## [INSTRUCTIONS TO FOLLOW]
Please transcribe only the lines that run from the line bearing "this 845×633 image." to the end of the entries, keeping both end lines. Skip the pictures.

## [DATA FOR ANALYSIS]
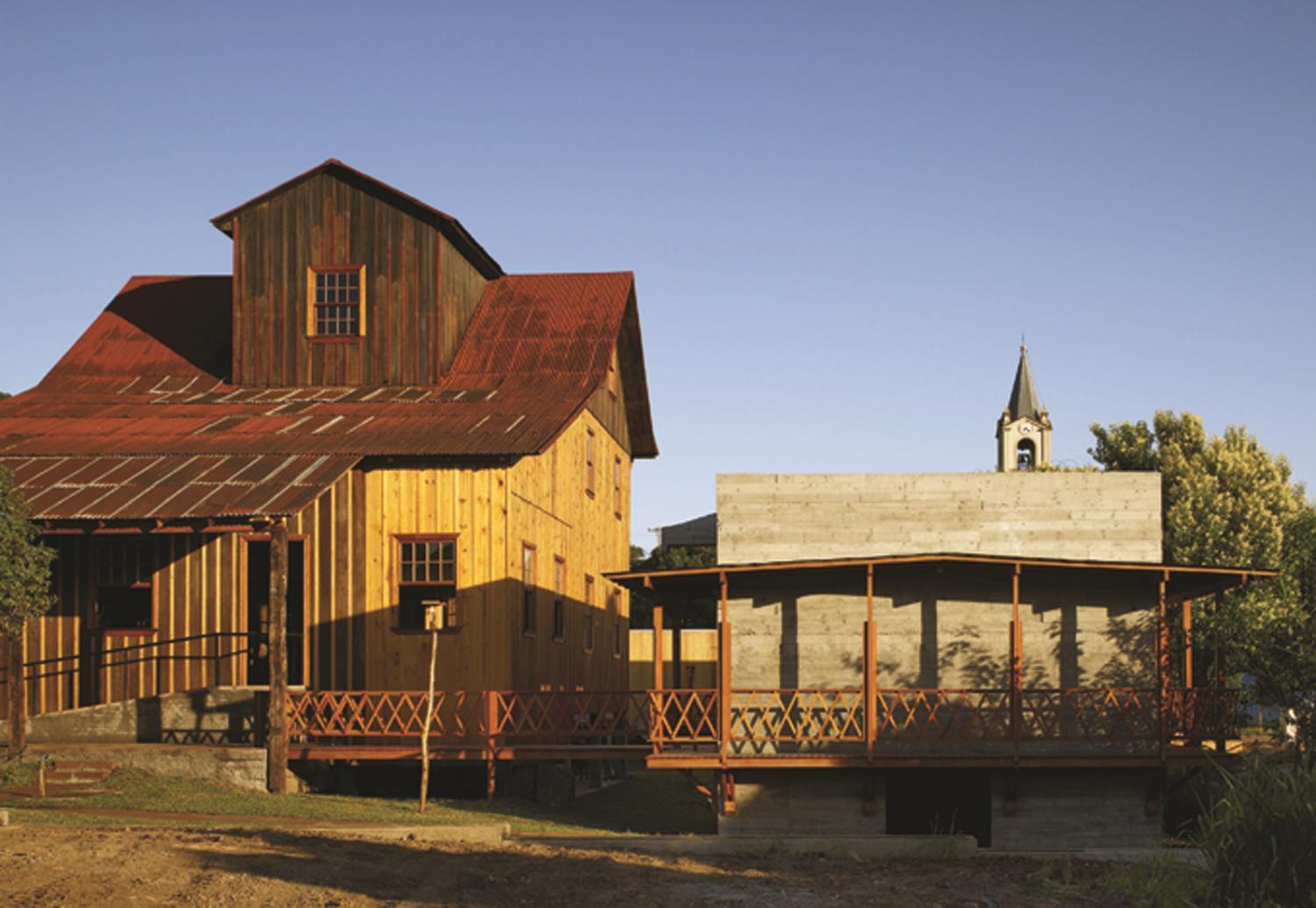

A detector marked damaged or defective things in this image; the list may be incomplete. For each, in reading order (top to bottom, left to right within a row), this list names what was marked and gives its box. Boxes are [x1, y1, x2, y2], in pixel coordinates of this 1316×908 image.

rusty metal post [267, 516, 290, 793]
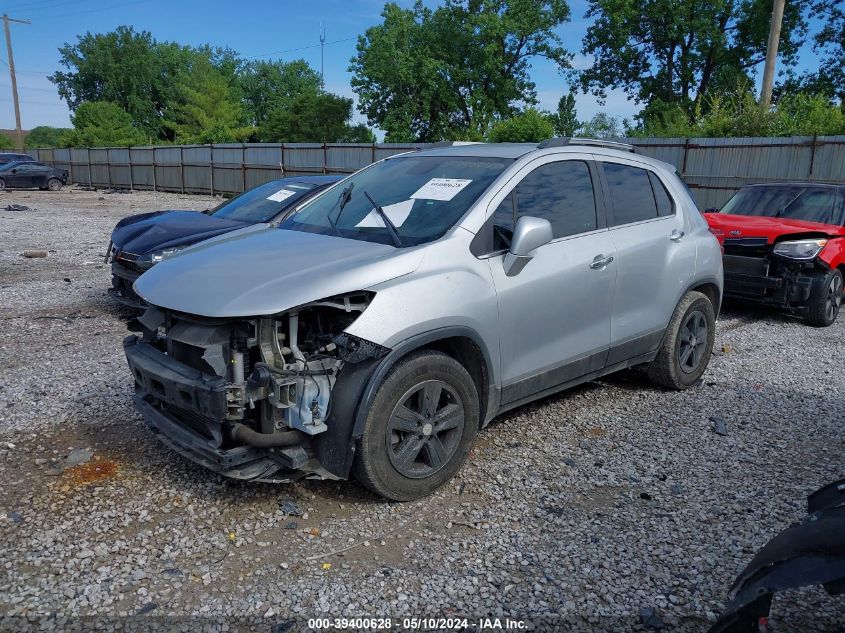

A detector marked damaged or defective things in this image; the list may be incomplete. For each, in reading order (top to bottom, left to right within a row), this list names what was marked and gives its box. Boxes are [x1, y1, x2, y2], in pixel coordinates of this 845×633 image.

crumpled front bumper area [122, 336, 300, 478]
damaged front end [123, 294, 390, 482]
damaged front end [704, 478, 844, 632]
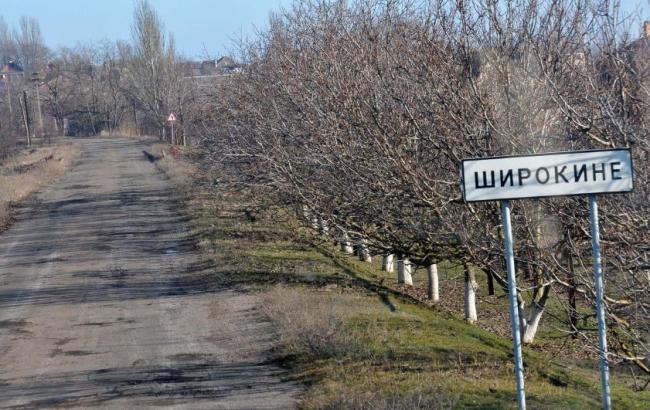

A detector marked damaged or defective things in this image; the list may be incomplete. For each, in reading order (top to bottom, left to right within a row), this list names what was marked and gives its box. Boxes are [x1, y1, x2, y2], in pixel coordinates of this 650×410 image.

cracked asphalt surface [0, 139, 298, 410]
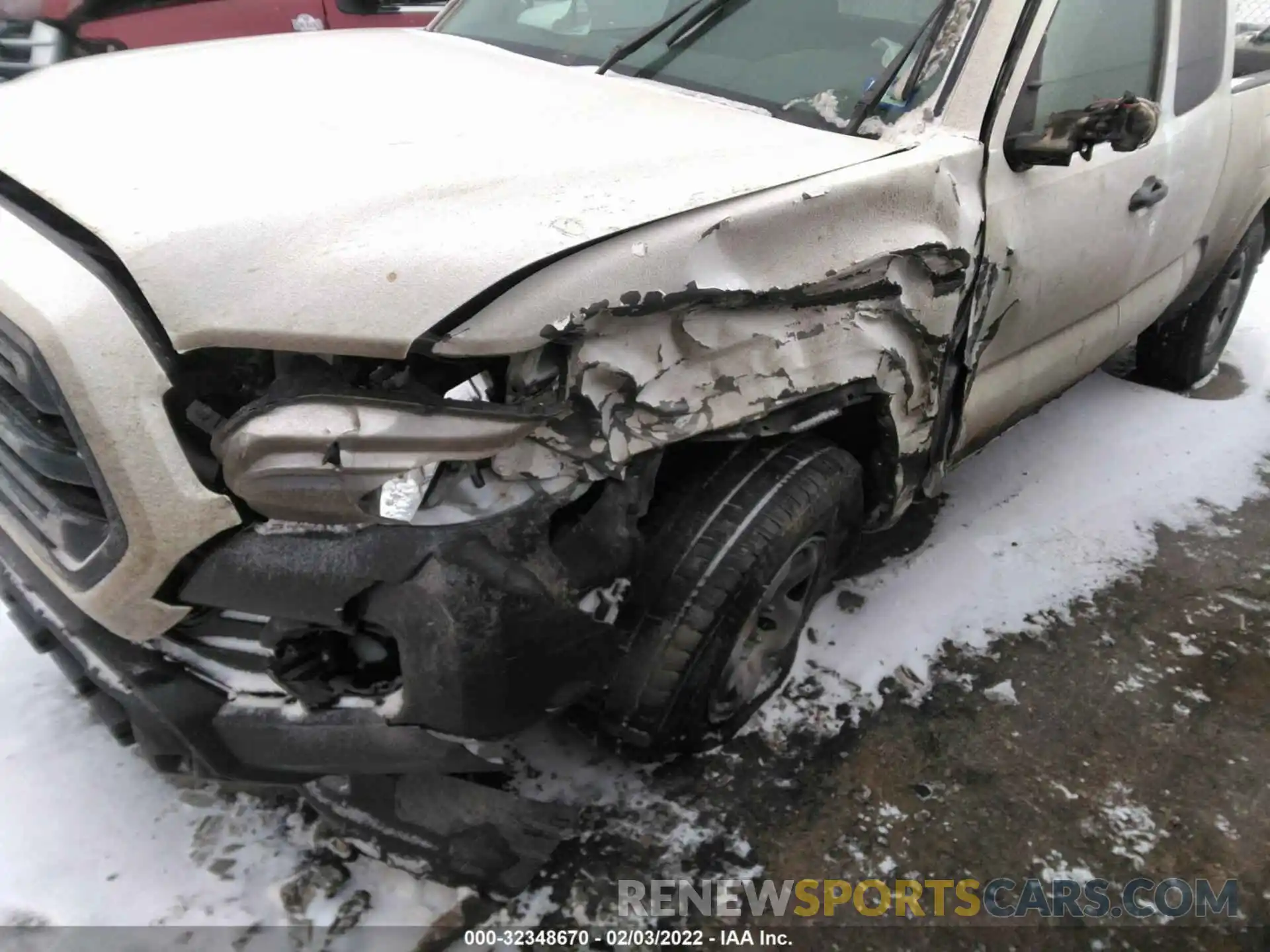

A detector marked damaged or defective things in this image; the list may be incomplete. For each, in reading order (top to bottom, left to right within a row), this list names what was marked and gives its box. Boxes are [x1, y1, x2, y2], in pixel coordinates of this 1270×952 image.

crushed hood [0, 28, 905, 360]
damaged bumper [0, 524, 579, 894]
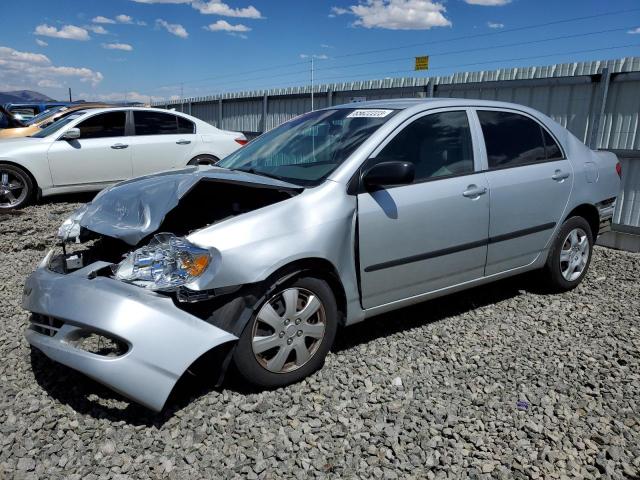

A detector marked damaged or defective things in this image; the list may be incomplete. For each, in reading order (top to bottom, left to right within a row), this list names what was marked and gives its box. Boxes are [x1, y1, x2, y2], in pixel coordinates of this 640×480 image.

## [THE COMPLETED TASK]
A detector marked damaged or defective things in this image; the list may be incomplete. For each, in reading order (top to bottom, left to right within a row), this list names what was marked and gives its box. Boxes are [x1, y1, x2, y2], in pixel coordinates of this 845×633 image.

crumpled front bumper area [122, 336, 300, 478]
damaged front end [123, 294, 390, 482]
damaged front end [704, 478, 844, 632]

A detector marked damaged or defective things in this image; the list may be incomplete. For each, in reading order (top to bottom, left to right within a row), this list names what was marked and gives its box. Boxes are [x1, y1, x2, y2], in pixel coordinates of this 650×410 image.

cracked asphalt surface [0, 139, 298, 410]

A detector marked damaged or defective things in this image; the list may be incomplete. For each, in reading order (top to bottom, left to right within a row), this list names what was marked and gives its box. Boxes are [x1, y1, x2, y2], in pixel coordinates of this 1270×952 image.

crushed hood [0, 28, 905, 360]
damaged bumper [0, 524, 579, 894]

A detector marked damaged or defective things in this image; the list may be incomplete. For each, in reading order (top to bottom, left to right within a row), this list names what was marked and gives its box. Boxes are [x1, y1, x2, y2], in pixel coordinates of this 640×480 image.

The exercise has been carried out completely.